▸ **Task prompt**
Each record needs to be retyped exactly, though its pictures should not appear.

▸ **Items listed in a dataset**
+---+

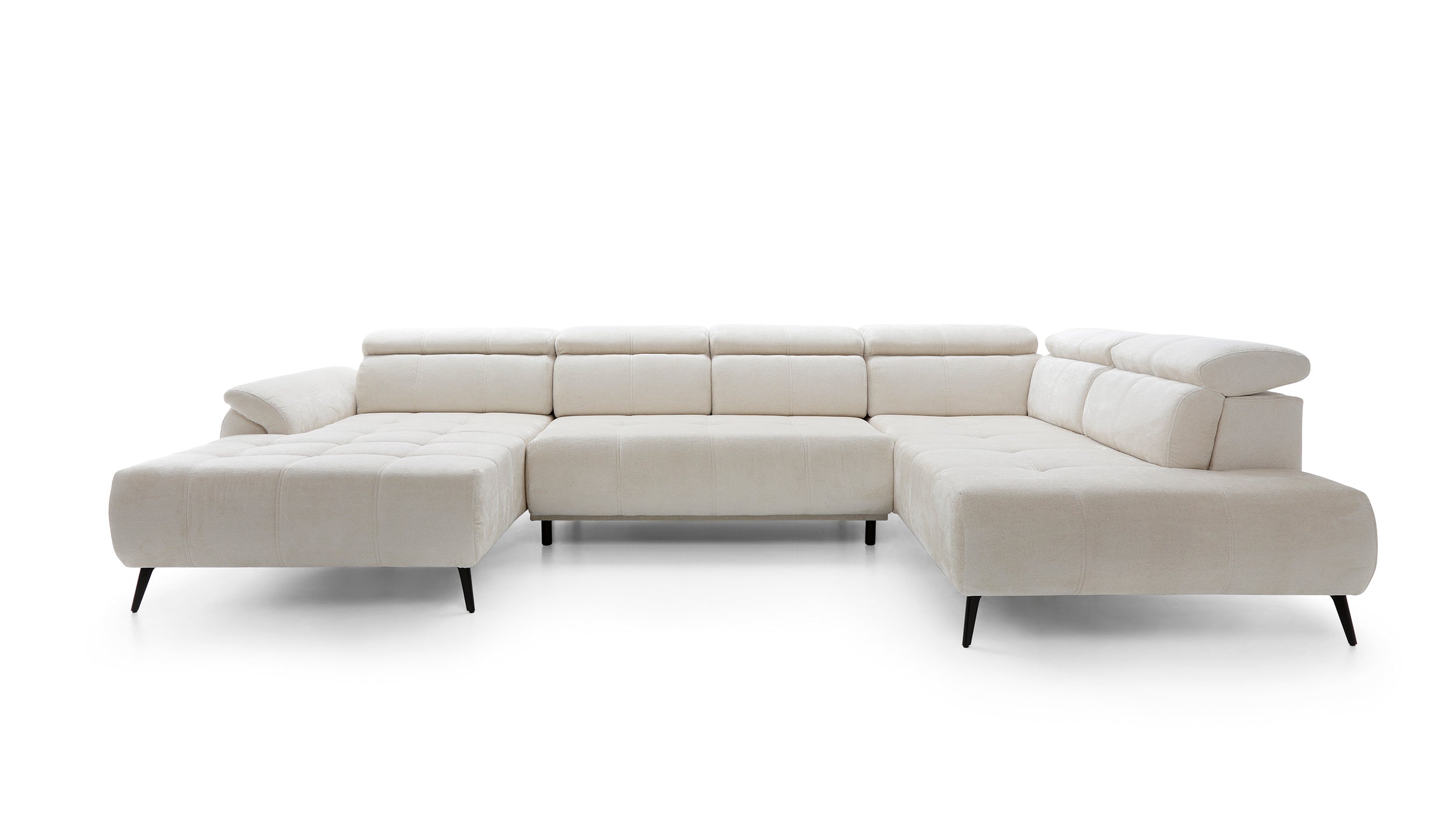 Eckgarnitur Genova III 375x208cm, Material: Materialauswahl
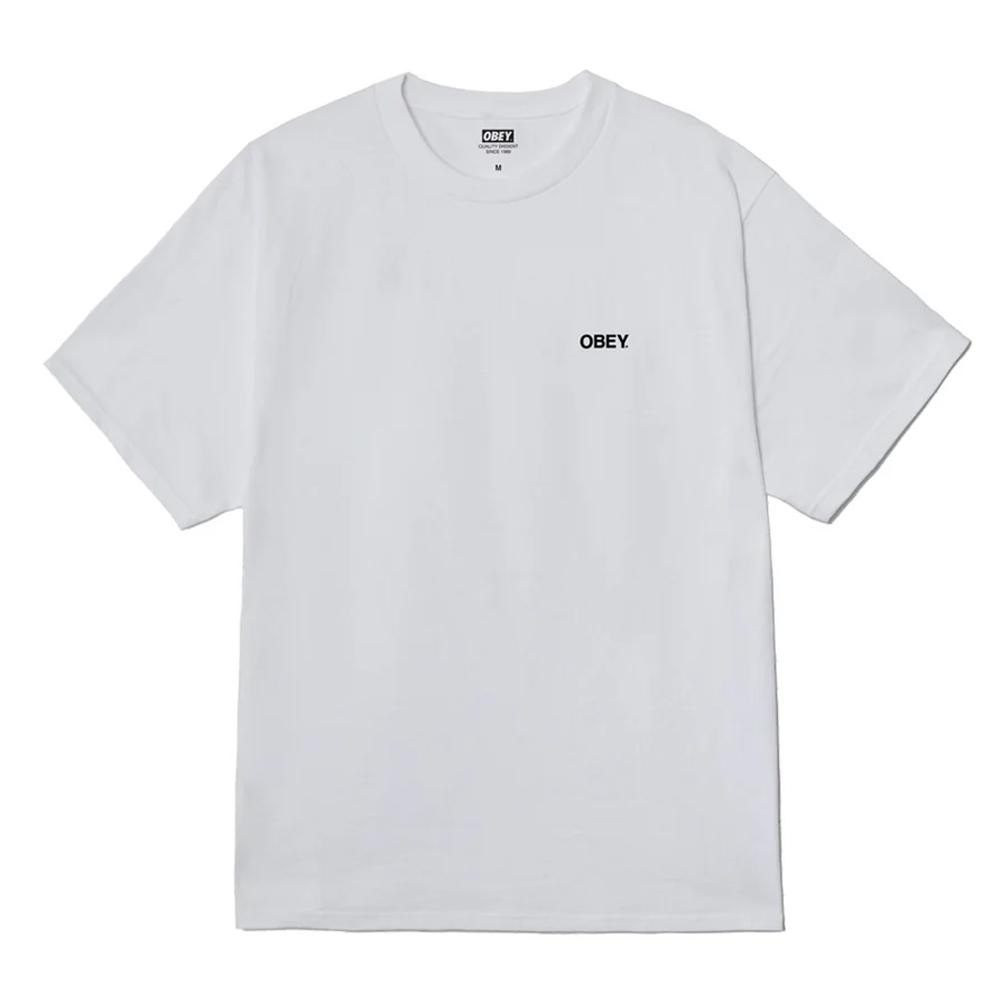 OBEY Doberman Tee Ανδρικό T-Shirt - Λευκό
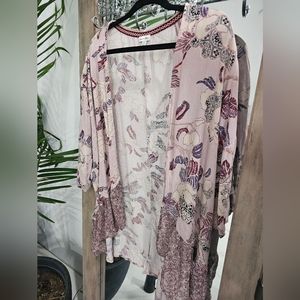 Women's Kimono cover-up Size Large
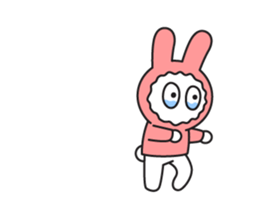 Sad Rabbit sticker #13579637
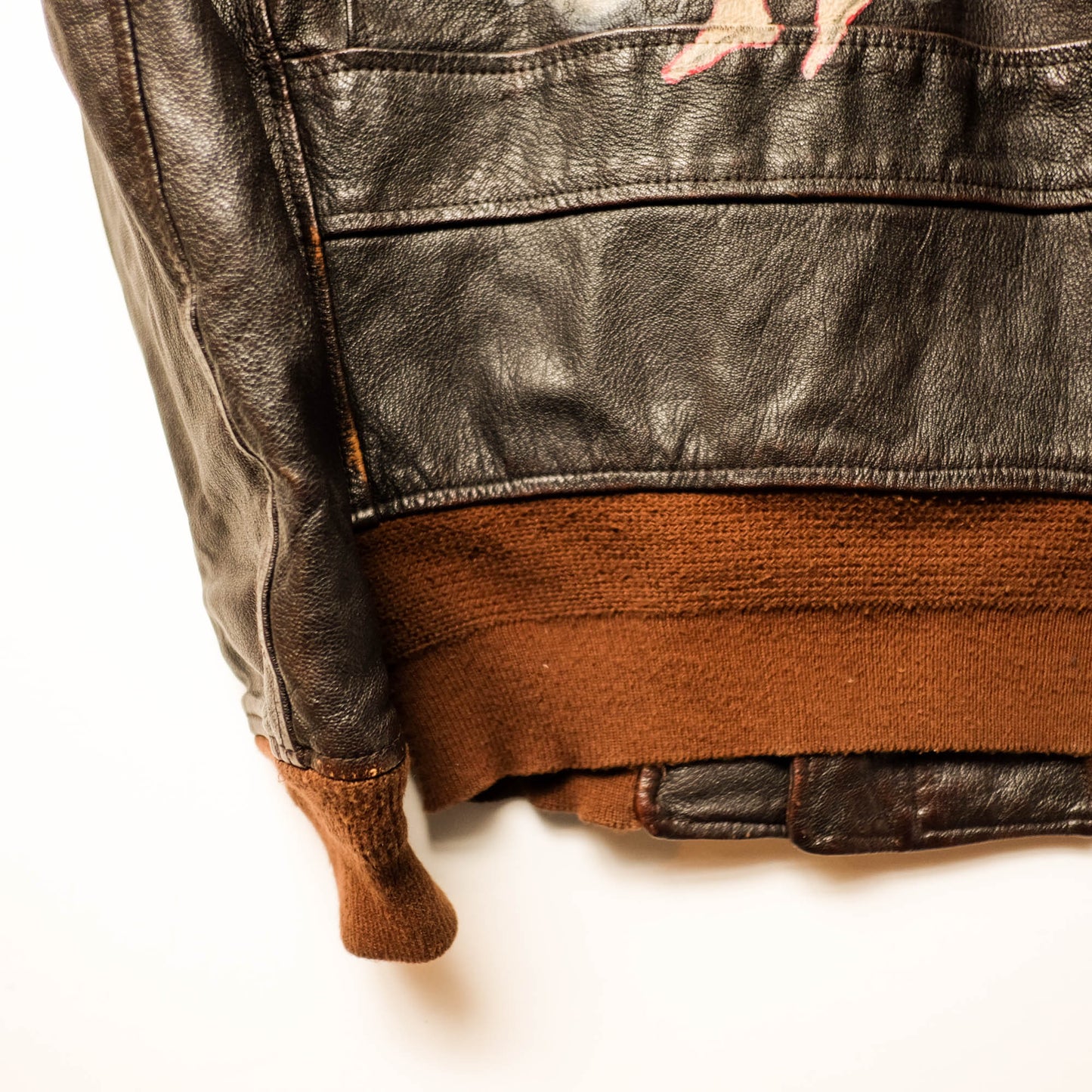 Vintage AVIREX Lonesome Angel Nose Art Leather Flight Jacket | U.S. Navy G-1 Style Bomber Jacket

+---+

▸ **Worked solution**
 Eckgarnitur Genova III 375x208cm, Material: Materialauswahl
 OBEY Doberman Tee Ανδρικό T-Shirt - Λευκό
 Women's Kimono cover-up Size Large
 Sad Rabbit sticker #13579637
 Vintage AVIREX Lonesome Angel Nose Art Leather Flight Jacket | U.S. Navy G-1 Style Bomber Jacket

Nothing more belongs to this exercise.